研究者は検証を幾度も重ねて、ある答えにたどり着いた。データの結果を歪めているのは、観測している研究員自身なのではないだろうか。研究員の観測が、その世界を歪めているのではないだろうかと。
何故そんなことが起こるのか。このシステムは、観測者の願望を感じ取って表現する世界に反映させていた。研究員はそう結論付けた。
次世代のスパコンとして進められたプロジェクトはそこで頓挫してしまった。勝手にデータを歪めてしまうシステムに、シミュレーションシステムとしての仕事ができる訳がなかった。それは致命的なバグであった。

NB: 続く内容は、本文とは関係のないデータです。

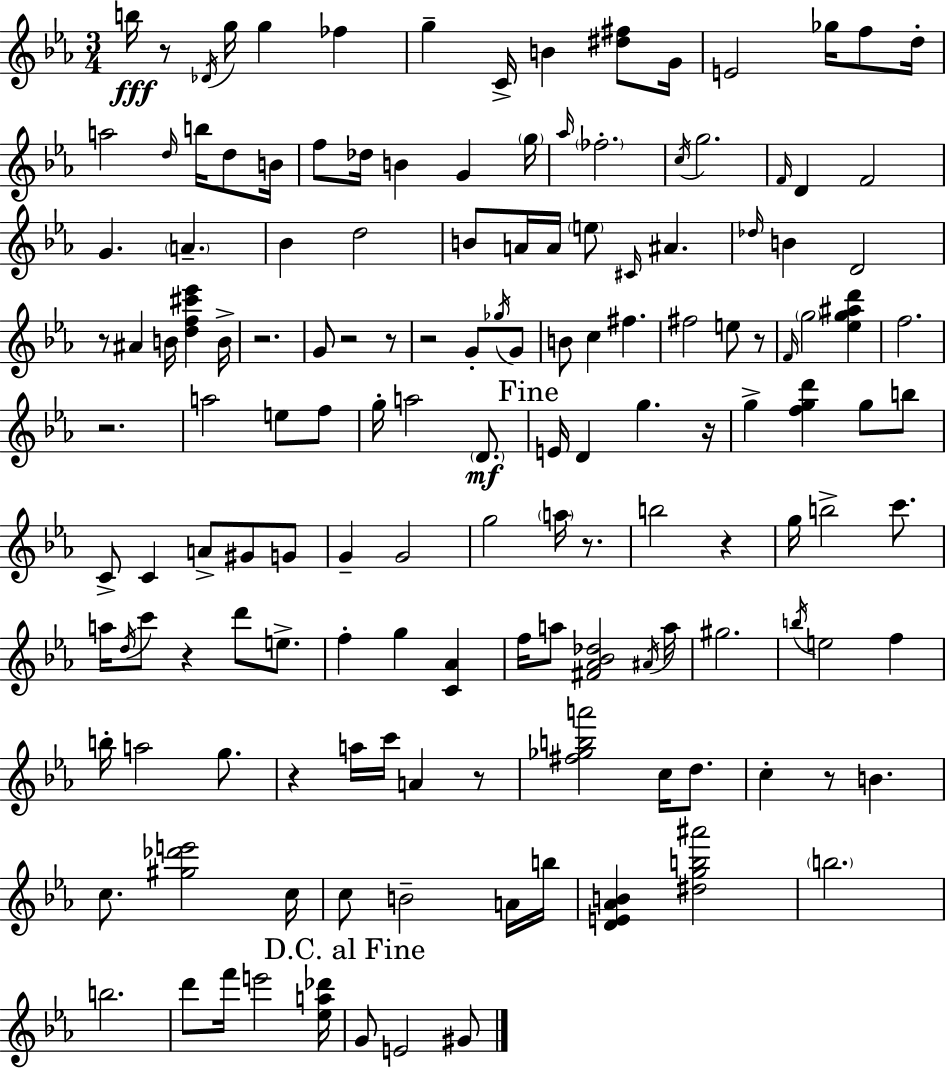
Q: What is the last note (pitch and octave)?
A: G#4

そして、このシステムは一時捨て置かれることになる。研究費は打ち切られ、人々の記憶からも忘れられていくはずだった。
その世界は、観測者の思い通りに世界を作ることができる。その影響力は、意識、無意識に関わらず、強大な物だった。世界は鋭敏に反応し、観測者の理想を反映してしまう。これでは、シミュレーションのデータとして使い物になろうはずもなかった。
しかし、研究機関では使えなくとも、アミューズメント分野として運用できると、これを拾う者があった。それが、現在のファンタジーフロンティア社の社長である。

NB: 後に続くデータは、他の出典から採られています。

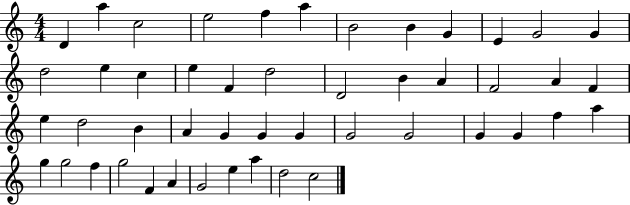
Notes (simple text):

D4/q A5/q C5/h E5/h F5/q A5/q B4/h B4/q G4/q E4/q G4/h G4/q D5/h E5/q C5/q E5/q F4/q D5/h D4/h B4/q A4/q F4/h A4/q F4/q E5/q D5/h B4/q A4/q G4/q G4/q G4/q G4/h G4/h G4/q G4/q F5/q A5/q G5/q G5/h F5/q G5/h F4/q A4/q G4/h E5/q A5/q D5/h C5/h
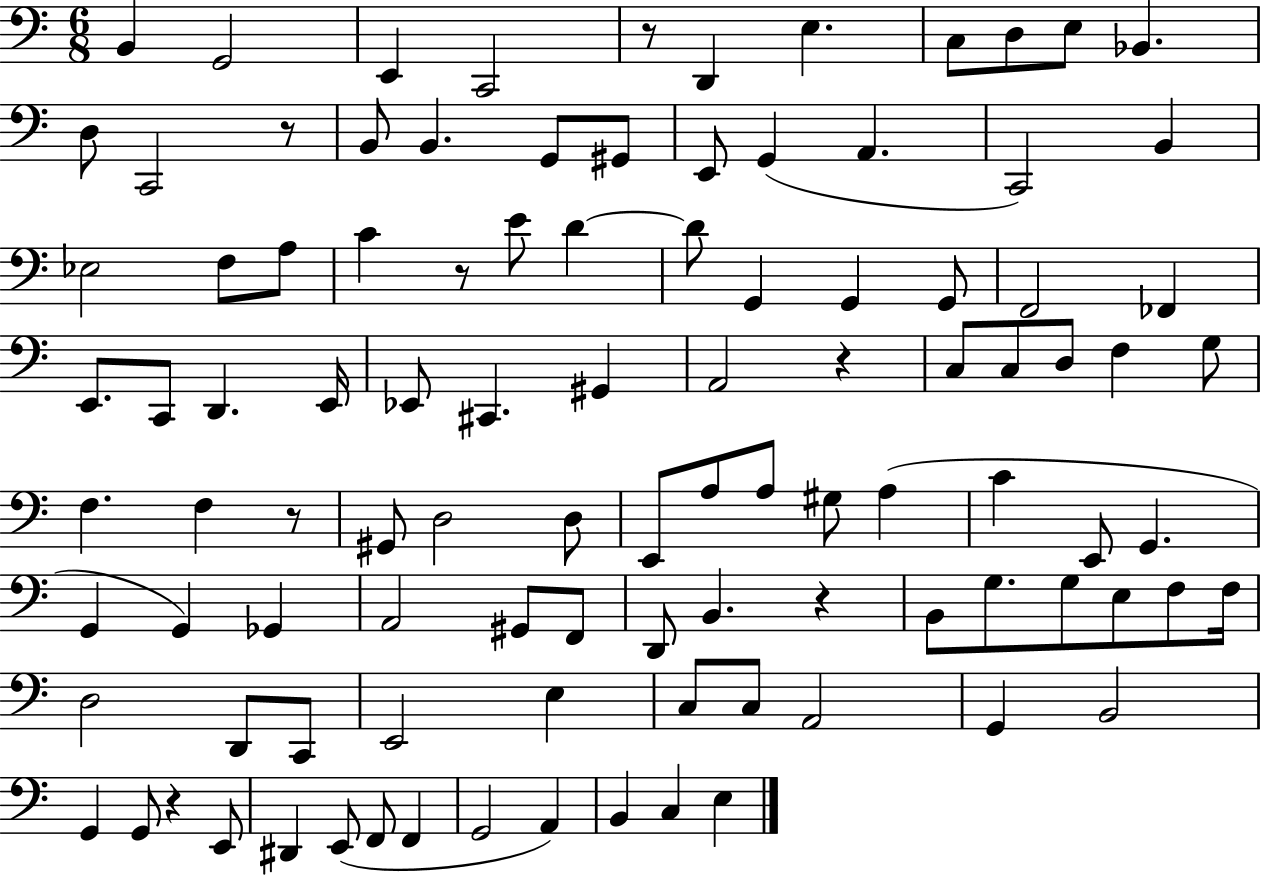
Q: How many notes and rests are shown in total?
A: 102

彼女は必要な権利を買い上げ、会社を立ち上げた。そして、彼のシステムの表現するワールドを『異世界』と表し、そのビジネスを拡大し始めたのである。野放図に展開される世界を、MPやスキルなどのシステムで縛り、管理することに成功した。オンラインで繋がったその世界を、ユーザーは自由に創造、参加、閲覧することができた。
法人、個人を問わず、いくつもの世界が作られた。異世界英雄譚、幻想的な恋愛物語、オンラインゲームのように多人数が参加する世界。ユーザーの発想一つで理想の世界が作れる。その自由度の高さに、瞬く間にそのシステムは多くの支持を集めた。

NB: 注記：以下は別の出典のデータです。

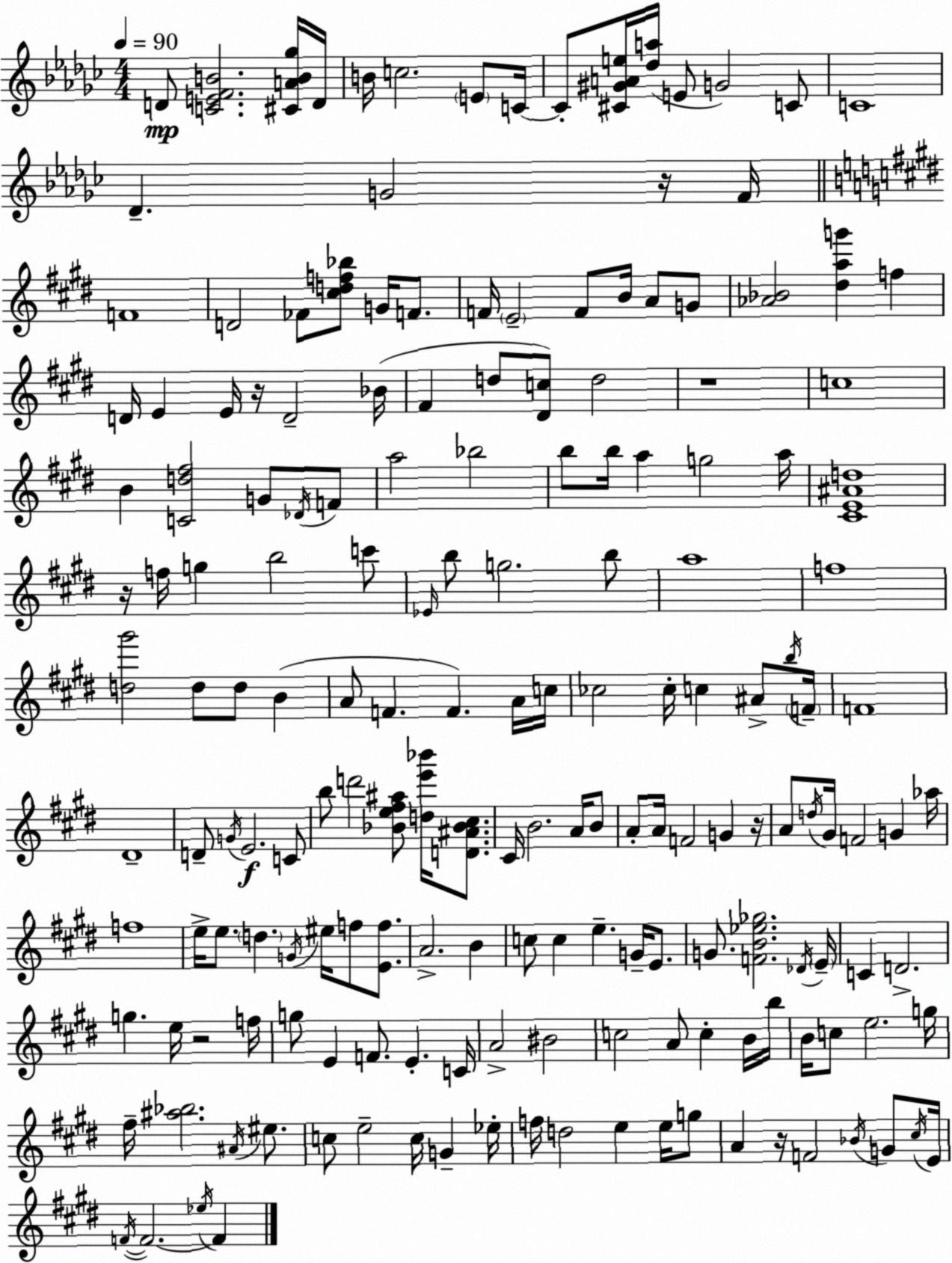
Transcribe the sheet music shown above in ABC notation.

X:1
T:Untitled
M:4/4
L:1/4
K:Ebm
D/2 [CEFB]2 [^CAB_g]/4 D/4 B/4 c2 E/2 C/4 C/2 [^C^GAe]/4 [_da]/4 E/2 G2 C/2 C4 _D G2 z/4 F/4 F4 D2 _F/2 [^cdf_b]/2 G/4 F/2 F/4 E2 F/2 B/4 A/2 G/2 [_A_B]2 [^dag'] f D/4 E E/4 z/4 D2 _B/4 ^F d/2 [^Dc]/2 d2 z4 c4 B [Cd^f]2 G/2 _D/4 F/2 a2 _b2 b/2 b/4 a g2 a/4 [^CE^Ad]4 z/4 f/4 g b2 c'/2 _E/4 b/2 g2 b/2 a4 f4 [d^g']2 d/2 d/2 B A/2 F F A/4 c/4 _c2 _c/4 c ^A/2 b/4 F/4 F4 ^D4 D/2 G/4 E2 C/2 b/2 d'2 [_Be^f^a]/2 [de'_b']/4 [D^A_B^c]/2 ^C/4 B2 A/4 B/2 A/2 A/4 F2 G z/4 A/2 d/4 ^G/4 F2 G _a/4 f4 e/4 e/2 d G/4 ^e/4 f/2 [Ef]/2 A2 B c/2 c e G/4 E/2 G/2 [FB_e_g]2 _D/4 E/4 C D2 g e/4 z2 f/4 g/2 E F/2 E C/4 A2 ^B2 c2 A/2 c B/4 b/4 B/4 c/2 e2 g/4 ^f/4 [^a_b]2 ^A/4 ^e/2 c/2 e2 c/4 G _e/4 f/4 d2 e e/4 g/2 A z/4 F2 _B/4 G/2 ^c/4 E/4 F/4 F2 _e/4 F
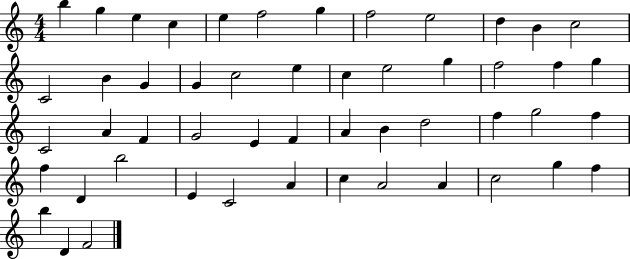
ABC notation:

X:1
T:Untitled
M:4/4
L:1/4
K:C
b g e c e f2 g f2 e2 d B c2 C2 B G G c2 e c e2 g f2 f g C2 A F G2 E F A B d2 f g2 f f D b2 E C2 A c A2 A c2 g f b D F2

しかし厄介なことに、一つ問題があった。このシステムで作られた世界は何故か、一度作られてしまうとデリートができなかった。その世界をいくら破壊しようとも、破壊された世界と言うのが残るだけだった。この点も、他の物理演算システムにはない特徴の一つと言えた。
「そこで、我々の出番と言う訳さ」
得意げな顔で語る閉鎖部の部長リュートだったが、ここまでの説明をしてくれたのは補佐役のリナだった。そのことに特に不満に思っている様子はなく、リナは仕事に戻っていた。リュートが先を続ける。
「えっとね、世界にはホストっていう、その世界を覗くために設置してあるアバターがあるんだ。ホストはその世界を統括するための機能全部背負ってて、このアバターが消えると、リアルと異世界は相互に干渉することできなくなるんだ。僕たちの仕事は、ユーザーが弄った設定をデフォルトの状態に戻して、ホストを消してその世界を閉鎖することなんだ」
「なるほど……」
分かったような分からないような。ユウキは曖昧にうなずいて見せた。
「なんだか……本当に異世界が存在してるみたいですよね」
そんな様子の彼女に、部長は苦笑いを浮かべた。
「そんな訳ないと思うけど、会社の方針としては実際にあるかのような建前で進めていく経営方針らしいからね。まあ会社の設立経緯とかコレの詳しいシステムとか、正直ボクもあんまり理解してないから、ふわっと理解しておけばいいと思うよ。俺たちの業務内容さえ把握しておけばね」
リュートが先を続ける。
「厄介なのがさ、ホストの削除権限はホスト自身が握ってるんだ。だから、ホスト権限をまず奪わなきゃいけないんだ。そのホスト権限を移譲する権限を持ってるのが、リナくんの操ってるアバターだよ」
バイザーを被った女性型のアバターのことだった。ちなみに、閉鎖部で使ってるアバターのモデルはほぼ全て部長のリュート作だと言う。部長補佐のリナはグラフィック関係にはあまり興味がないらしい。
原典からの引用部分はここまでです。